Excerpts from a dataset
=== Begin Enclosure ===

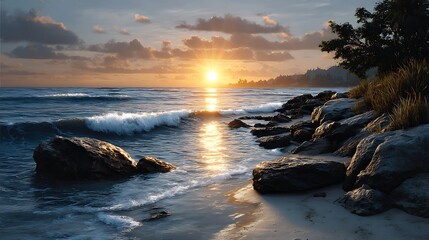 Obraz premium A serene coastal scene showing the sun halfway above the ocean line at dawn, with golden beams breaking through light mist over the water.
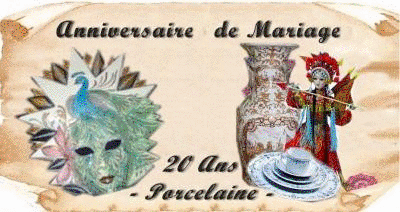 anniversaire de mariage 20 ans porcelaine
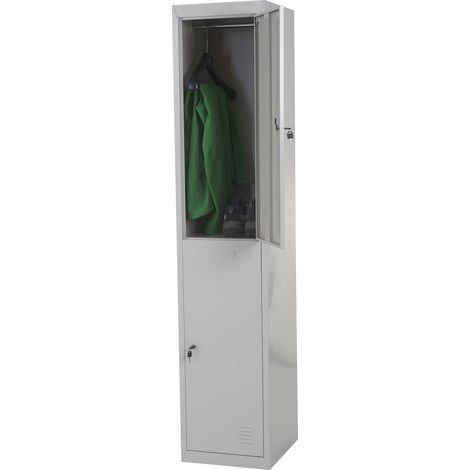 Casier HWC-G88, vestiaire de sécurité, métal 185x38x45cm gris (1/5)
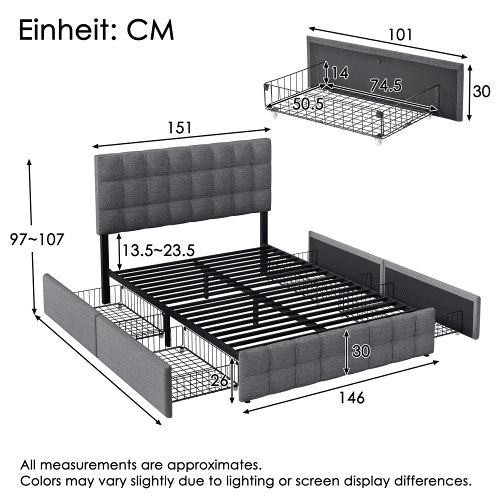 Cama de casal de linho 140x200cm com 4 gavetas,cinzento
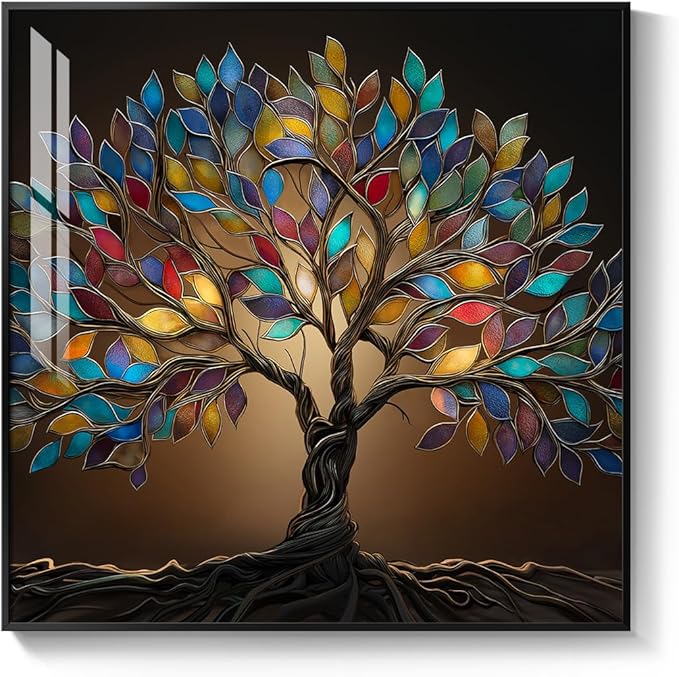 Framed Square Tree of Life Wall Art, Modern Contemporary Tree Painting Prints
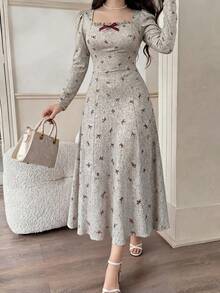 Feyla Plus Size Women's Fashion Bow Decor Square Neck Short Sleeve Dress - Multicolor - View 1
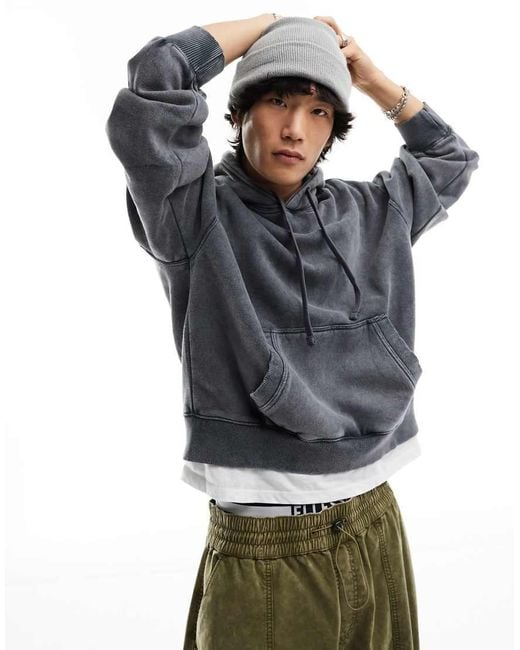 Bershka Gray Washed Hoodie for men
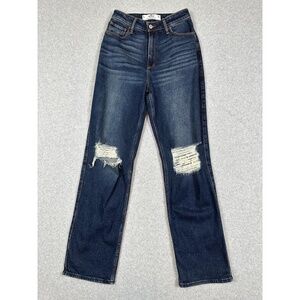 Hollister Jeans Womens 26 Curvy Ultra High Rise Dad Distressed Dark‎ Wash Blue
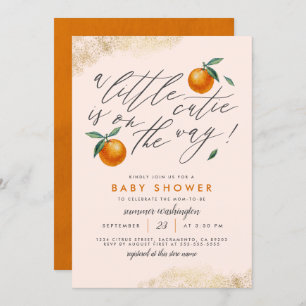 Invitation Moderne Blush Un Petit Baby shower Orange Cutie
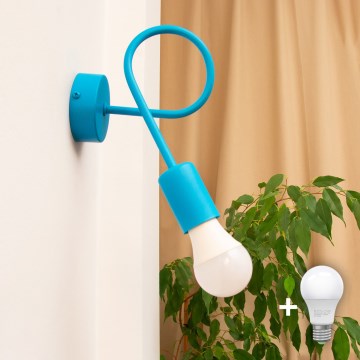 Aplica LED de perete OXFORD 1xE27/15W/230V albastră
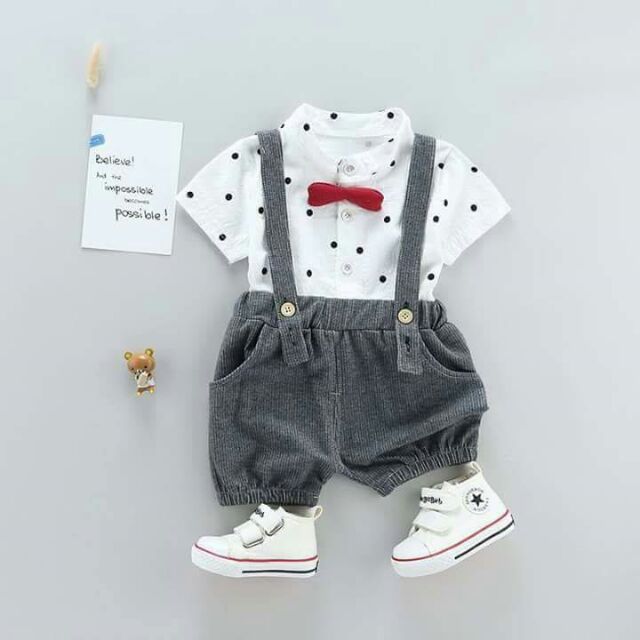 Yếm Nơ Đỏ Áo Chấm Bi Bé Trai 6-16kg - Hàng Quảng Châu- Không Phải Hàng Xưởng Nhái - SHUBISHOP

=== End Enclosure ===

(REQUIREMENT): Type out the entries again without a single change, and leave the pictures out.

(COMPLETED EXERCISE):
 Obraz premium A serene coastal scene showing the sun halfway above the ocean line at dawn, with golden beams breaking through light mist over the water.
 anniversaire de mariage 20 ans porcelaine
 Casier HWC-G88, vestiaire de sécurité, métal 185x38x45cm gris (1/5)
 Cama de casal de linho 140x200cm com 4 gavetas,cinzento
 Framed Square Tree of Life Wall Art, Modern Contemporary Tree Painting Prints
 Feyla Plus Size Women's Fashion Bow Decor Square Neck Short Sleeve Dress - Multicolor - View 1
 Bershka Gray Washed Hoodie for men
 Hollister Jeans Womens 26 Curvy Ultra High Rise Dad Distressed Dark‎ Wash Blue
 Invitation Moderne Blush Un Petit Baby shower Orange Cutie
 Aplica LED de perete OXFORD 1xE27/15W/230V albastră
 Yếm Nơ Đỏ Áo Chấm Bi Bé Trai 6-16kg - Hàng Quảng Châu- Không Phải Hàng Xưởng Nhái - SHUBISHOP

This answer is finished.